Huober Brezel Pretzels ($1.68): This light, crunchy pretzel didn’t hold together during shipping. It was much lighter than expected, as it didn’t have the hard, dark crust that you see on most large pretzels of this style.

It is made in Germany from Certified Organic ingredients.

Kartoffelland Semmel-Knodel in Kochbeutel ($4.93) This box contained six bread dumplings packed in individual boil bags.

After boiling for 25 minutes, the bread balls are fully cooked and ready to serve.

I’ve never seen boil-n-bag technology used quite in this way. Ordinarily you see either a simple product (like rice) in a permeable bag, or a sous-vide meal in a sealed bag – in this case, water enters the bag and plumps the contents to form a dumpling.

The cooked dumplings (the two on the right are still in the bags). They were nicely seasoned with a vegetable and herb broth flavor. The exterior was similar to wet-cooked dumplings, e.g. traditional chicken and dumplings dumplings. The inside was a bit like both stuffing and noodles – because the dumplings formed while cooking, the constituent breadcrumbs all formed their own skin before binding with the rest. These were enjoyable, and we were excited to sample something we had never tried before.

Thomy Mittelscharfer Delikatess-Senf ($4.86 200ml): Spicy mustard – the tube makes it easy to apply directly to your favorite foods.

The mustard was light in color and had a unique texture – it was creamy and so light that it resembled a foam or whipped topping. Though it looks similar, it was quite different than a Dijon, as it lacked the strong wine/vinegar flavor. The flavor is intense, bright, and pure, without added horseradish or other distractions.

Delba Westphalian Pumpernickel ($3.09): We love the old-style German breads – you haven’t really had dark bread until you’ve had the German version!

Thick and dense, this bread has more in common with fruitcake than it does with the light, dry versions of pumpernickel sold everywhere.  It is wheat free, being made wholly from rye (and sugar, salt, etc).

Hahn’s Old Fashioned Cake Company Crumb Cake ($7?): This item is an exception to the “made in Germany” character of the box (its made by Hahn’s in NY), but it is a welcome exception.

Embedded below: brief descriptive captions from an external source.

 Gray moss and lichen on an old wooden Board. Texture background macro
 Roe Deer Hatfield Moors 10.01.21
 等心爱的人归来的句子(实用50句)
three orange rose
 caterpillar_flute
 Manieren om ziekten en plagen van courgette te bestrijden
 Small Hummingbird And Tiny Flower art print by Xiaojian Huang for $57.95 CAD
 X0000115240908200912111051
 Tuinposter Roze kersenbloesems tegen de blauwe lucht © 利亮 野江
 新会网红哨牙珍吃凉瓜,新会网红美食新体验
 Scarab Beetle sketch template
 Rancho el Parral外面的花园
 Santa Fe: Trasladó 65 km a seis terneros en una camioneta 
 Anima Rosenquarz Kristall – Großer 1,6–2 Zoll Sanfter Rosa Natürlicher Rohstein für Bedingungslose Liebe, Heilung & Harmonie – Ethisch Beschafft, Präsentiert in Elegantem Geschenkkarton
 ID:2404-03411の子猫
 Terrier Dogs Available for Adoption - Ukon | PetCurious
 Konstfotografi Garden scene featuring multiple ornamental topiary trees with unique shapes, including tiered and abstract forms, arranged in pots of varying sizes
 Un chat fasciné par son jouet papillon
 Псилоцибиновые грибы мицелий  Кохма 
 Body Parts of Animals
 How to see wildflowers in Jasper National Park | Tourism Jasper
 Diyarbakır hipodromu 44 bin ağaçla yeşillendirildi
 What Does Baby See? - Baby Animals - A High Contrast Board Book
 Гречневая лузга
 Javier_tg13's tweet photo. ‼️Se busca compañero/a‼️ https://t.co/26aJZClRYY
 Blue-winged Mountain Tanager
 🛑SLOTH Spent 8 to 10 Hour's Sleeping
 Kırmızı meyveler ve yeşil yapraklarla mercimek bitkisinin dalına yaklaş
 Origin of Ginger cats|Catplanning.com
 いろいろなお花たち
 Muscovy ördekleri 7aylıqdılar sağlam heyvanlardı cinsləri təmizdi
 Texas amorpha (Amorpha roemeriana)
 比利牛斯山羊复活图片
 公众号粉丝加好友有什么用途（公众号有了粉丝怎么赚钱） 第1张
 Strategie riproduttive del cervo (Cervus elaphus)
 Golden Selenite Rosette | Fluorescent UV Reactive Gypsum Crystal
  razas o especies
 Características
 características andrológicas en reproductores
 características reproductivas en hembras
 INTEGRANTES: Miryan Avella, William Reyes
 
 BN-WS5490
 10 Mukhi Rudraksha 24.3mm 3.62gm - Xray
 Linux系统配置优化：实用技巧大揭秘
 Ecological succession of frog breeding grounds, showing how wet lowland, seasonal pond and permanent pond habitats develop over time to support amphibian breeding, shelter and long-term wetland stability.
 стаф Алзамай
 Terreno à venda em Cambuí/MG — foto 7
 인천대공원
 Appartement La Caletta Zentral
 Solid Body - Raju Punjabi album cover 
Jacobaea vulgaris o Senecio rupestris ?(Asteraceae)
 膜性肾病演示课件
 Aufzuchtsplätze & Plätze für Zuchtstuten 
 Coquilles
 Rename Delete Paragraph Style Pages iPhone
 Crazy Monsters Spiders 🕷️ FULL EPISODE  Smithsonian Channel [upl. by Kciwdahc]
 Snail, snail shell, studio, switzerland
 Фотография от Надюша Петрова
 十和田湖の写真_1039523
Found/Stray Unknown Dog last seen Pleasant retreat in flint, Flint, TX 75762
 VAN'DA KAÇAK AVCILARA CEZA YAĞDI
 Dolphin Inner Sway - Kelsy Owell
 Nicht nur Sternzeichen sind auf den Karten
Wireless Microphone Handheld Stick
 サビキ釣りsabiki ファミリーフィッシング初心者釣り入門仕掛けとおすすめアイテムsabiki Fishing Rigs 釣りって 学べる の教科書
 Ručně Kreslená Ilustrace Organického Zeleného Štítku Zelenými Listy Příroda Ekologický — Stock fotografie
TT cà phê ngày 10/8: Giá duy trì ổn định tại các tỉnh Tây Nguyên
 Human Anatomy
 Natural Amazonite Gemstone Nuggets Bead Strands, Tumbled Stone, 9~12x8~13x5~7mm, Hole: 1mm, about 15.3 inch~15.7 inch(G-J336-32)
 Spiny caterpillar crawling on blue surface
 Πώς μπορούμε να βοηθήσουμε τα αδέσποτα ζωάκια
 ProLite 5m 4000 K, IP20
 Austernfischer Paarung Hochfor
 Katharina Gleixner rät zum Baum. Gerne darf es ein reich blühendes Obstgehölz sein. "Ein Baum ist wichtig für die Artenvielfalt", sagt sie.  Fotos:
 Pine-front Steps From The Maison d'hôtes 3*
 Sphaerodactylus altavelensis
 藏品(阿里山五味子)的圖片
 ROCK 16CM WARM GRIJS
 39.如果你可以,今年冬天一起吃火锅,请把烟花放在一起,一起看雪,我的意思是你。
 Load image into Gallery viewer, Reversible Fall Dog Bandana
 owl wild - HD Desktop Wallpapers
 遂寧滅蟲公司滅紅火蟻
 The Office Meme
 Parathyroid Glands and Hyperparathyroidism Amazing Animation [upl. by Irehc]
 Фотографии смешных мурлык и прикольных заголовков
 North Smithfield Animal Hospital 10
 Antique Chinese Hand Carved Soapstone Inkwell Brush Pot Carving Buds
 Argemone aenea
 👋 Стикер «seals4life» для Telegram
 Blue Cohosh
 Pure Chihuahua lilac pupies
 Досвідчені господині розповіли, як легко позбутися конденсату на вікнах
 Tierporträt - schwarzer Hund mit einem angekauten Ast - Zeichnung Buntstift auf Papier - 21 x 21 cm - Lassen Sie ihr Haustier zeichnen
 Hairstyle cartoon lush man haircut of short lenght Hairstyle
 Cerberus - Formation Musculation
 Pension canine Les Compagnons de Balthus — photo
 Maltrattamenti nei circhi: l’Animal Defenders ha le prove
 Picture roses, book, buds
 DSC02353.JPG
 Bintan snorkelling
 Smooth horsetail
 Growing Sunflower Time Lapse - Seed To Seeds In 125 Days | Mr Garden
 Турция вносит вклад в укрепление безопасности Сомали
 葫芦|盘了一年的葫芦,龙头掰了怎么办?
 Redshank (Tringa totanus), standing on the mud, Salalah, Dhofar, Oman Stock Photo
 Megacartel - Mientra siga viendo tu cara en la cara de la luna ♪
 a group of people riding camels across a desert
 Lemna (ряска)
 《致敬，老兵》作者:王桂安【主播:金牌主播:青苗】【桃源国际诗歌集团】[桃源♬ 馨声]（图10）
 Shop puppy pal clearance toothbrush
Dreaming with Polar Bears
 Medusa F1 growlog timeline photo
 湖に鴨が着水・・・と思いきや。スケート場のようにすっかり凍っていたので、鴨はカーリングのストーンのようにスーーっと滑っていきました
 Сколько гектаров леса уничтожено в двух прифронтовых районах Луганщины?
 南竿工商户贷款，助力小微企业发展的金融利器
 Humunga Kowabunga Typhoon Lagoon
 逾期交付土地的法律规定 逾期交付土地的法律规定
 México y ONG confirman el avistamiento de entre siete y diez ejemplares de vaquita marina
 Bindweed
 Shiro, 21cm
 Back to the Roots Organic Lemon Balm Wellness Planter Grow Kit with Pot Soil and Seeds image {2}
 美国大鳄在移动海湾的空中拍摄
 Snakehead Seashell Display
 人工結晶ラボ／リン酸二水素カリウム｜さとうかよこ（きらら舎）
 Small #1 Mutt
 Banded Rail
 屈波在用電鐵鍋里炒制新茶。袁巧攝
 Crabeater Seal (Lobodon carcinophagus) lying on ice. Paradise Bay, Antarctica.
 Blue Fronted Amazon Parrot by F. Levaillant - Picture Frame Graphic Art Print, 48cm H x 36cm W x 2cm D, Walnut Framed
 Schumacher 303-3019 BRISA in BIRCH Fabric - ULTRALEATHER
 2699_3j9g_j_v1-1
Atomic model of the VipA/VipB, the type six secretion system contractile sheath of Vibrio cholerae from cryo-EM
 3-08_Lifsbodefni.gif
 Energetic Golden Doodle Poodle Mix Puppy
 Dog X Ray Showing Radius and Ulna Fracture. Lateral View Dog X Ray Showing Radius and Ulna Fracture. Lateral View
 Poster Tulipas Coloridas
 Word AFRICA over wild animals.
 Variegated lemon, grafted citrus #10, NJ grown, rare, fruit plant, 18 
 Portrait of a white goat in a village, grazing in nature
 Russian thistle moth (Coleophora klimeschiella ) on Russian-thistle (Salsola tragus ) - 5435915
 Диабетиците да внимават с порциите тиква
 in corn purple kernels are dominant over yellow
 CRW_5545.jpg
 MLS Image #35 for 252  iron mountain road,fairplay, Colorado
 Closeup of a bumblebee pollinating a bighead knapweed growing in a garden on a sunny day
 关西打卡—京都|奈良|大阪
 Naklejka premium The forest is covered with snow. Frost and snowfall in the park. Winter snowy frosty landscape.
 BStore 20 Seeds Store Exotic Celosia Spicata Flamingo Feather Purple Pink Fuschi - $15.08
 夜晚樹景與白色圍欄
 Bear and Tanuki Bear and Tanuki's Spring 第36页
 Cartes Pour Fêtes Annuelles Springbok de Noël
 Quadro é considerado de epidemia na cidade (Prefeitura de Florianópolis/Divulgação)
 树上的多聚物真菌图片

I don’t mind the “local” sourcing, since it means getting a fresh bakery cake instead of a hermetically sealed and shelf-stable version.

This big ole cake (about 4x4x2″) features a moist and mild yellow cake made with whole eggs, covered with an even larger pile of streusel topping.

I’m not sure how they made the topping so good – it isn’t as sweet as I thought it would be, and it is both immense and delicate.

Milka White Chocolate ($2.10): The last item was a nice, sweet treat. I’m a huge white chocolate fan, so this made me very happy.  

It’s called a white chocolate confection, but it is as real as white chocolate gets, and it contains plenty of cocoa butter. I think it is deemed a confection rather than simply white chocolate because “white chocolate” isn’t truly technically “chocolate,” insofar as chocolate must have both cocoa butter and cocoa solids. But I don’t really care – It is delicious, sweet, and smooth, and that is what matters!

We have been enjoying this box immensely. We are a big fan of international food boxes, and the ones dedicated to a specific country tend to dig up some of the most authentic items. We love the Made in Germany character of the box almost as much as we appreciated the rare departure from this policy to bring us fresh cake! I’m also fond of the “everyday food” bent of the box – it’s nice to get some mixes to have with dinner (instead of just candy and snacks).